Ma lasciando il 2009 e tornando al 2010, se in 9 mesi si perdono 325 lavoratori, quanti saranno persi alla fine dell’anno? I dati contraddicono quanto come Fp-Cgil abbiamo sempre sostenuto? No, gli stessi dati ci danno evidentemente ragione e poi, per chi non si fida degli sterili numeri, resta sempre la prova empirica di trovarsi in una corsia d’ospedale e verificare da utente, in prima persona se gli operatori del servizio sanitario sono in numero sufficiente o no per quel servizio che ognuno “pretende” per sé o per i propri cari in quei momenti.
La pubblicazione poi dei dati macro degli stipendi ci dà la possibilità di ragionare su come si imposta la “lettura” del lavoro pubblico: dati, numeri, stipendi…e non servizi resi, persone curate, anziani assistiti, evasori scoperti e via di questo passo. Cosa si vuole ottenere? Chi agisce in questo modo, consapevolmente o inconsapevolmente, asfalta la strada che porta alla chiusura anche di quella “fabbrica dei diritti” che il lavoro pubblico rappresenta, perché nel sistema pubblico ci si entra per concorso e non per chiamata individuale, perché con il lavoro pubblico si garantiscono uguali diritti alle persone, nella sanità, nella scuola, nell’assistenza, nel fisco, nella giustizia e via avanti.
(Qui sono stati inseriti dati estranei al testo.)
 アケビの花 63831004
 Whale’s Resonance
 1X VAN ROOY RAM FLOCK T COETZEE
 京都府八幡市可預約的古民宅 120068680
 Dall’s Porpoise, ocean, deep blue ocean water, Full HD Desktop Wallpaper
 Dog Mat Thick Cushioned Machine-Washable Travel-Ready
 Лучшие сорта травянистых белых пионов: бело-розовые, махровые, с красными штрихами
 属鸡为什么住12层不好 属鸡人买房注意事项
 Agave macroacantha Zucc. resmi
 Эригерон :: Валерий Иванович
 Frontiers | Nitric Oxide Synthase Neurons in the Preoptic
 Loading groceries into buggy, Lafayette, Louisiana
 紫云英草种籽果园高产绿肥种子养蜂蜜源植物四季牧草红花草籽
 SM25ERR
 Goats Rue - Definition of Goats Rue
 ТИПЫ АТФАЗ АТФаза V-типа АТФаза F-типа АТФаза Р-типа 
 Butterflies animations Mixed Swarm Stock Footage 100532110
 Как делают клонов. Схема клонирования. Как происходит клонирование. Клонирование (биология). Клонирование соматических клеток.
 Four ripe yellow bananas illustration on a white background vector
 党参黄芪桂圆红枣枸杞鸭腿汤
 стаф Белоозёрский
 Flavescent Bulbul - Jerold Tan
Certo tutto è migliorabile, ma quando si presenta il lavoro pubblico solo con quei numeri e si dipingono diritti come privilegi, si dà ad intendere alle persone, ai cittadini che sarebbe meglio cercare strade individuali piuttosto che servizi collettivi per avere diritti e servizi. Le persone che lavorano nel pubblico percepiscono uno stipendio, come del resto tutti coloro che lavorano ed hanno il diritto di vederselo rinnovato con le stesse modalità utilizzate per tutti i lavoratori pubblici o privati che siano, e questo – è bene sottolinearlo – non accade per i lavoratori del comparto unico, che sono ancora in attesa del rinnovo contrattuale 2008-2009. In questa fase di crisi lo stipendio che viene dai settori pubblici è a volte l’unico che in famiglia è rimasto tale, eppure sembra quasi che i lavoratori si debbano vergognare per questo. Ma non sarebbe piuttosto motivo in più, per i datori di lavoro, per dare dignità e correttezza a quel rinnovo del contratto che i lavoratori aspettano da 36 mesi?
Schiacciare i diritti conquistati a chi li ha, ridurre i salari, eliminare i contratti non è il modo giusto per dare equità sociale a chi lavora. I datori di lavoro del comparto unico, Presidente Tondo in testa, dovrebbero trasformare le energie funeste che adoperano nei confronti del comparto in energia ed interventi positivi a favore dei lavoratori, pubblici o privati che siano. Una società che mette tutti nelle condizioni di crescere, di svilupparsi è una società più giusta più equlibrata, una società dove si continuano a mettere gli uni contro gli altri, in una spirale al ribasso senza fine, non ha in sé né capacità di sviluppo né di crescita sociale.